April 14, 2008 at 10:44 am
Currently I have a table in our data warehouse that has about 9 million records and uses 2 gigs (1035832 KB data + 1697096 KB index). It holds about 13 years of data. I've just been told by our data architect this table will grow to about 100 million per year and we will retain data for 5 yrs. Thats 500 million records! Should I be concerned? Any suggestions on steps I should do to avoid problems later.
Paul
April 14, 2008 at 1:07 pm
Hello.
Maybe other guys here could help you better than me. What comes to my mind right now is the Microsoft Project Real and the Data Lifecycle documentation produced by that team.
http://www.microsoft.com/technet/prodtechnol/sql/2005/realpart.mspx
I guess it's a good reading and you can grab some information from there.
Hope this help!
April 14, 2008 at 9:08 pm
The answer is "Yes", you should be concerned. The article at the URL provided Fernando is a very good start for planning. Not all the information is about tables but a lot of the information couched as "Cubes" is very good.
--Jeff Moden
Change is inevitable... Change for the better is not.
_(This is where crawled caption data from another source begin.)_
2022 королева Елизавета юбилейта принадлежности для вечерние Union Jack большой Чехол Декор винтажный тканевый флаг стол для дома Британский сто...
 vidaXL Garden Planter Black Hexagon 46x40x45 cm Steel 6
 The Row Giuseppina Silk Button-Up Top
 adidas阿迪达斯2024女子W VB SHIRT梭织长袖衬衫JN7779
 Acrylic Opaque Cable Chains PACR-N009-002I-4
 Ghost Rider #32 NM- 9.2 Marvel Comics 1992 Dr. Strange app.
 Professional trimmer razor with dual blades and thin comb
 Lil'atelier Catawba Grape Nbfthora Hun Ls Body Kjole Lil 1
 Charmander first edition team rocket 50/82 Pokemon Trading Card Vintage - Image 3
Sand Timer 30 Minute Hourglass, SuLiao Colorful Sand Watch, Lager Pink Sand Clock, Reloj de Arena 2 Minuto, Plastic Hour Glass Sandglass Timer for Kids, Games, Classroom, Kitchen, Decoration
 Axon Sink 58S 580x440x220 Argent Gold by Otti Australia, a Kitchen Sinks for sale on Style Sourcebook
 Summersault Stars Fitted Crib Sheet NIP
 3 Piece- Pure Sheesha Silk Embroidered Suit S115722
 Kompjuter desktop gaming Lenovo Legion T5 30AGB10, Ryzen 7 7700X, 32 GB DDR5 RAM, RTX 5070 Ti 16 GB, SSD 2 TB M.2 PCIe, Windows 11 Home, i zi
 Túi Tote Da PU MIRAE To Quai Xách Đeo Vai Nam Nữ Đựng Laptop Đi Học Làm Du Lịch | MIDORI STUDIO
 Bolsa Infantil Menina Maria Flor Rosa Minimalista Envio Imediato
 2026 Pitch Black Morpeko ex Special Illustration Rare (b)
April 15, 2008 at 10:50 am
If 9-million records is 2 Gig, then 500-million records will be about 120 Gig (plus or minus). So, assuming you're using relatively modern hard drives, storage shouldn't be too much of a problem.
But you'll definitely need to pay attention to the techniques Microsoft recommends on the page referenced above, to make sure you'll be able to query, etc., the data with any speed at all.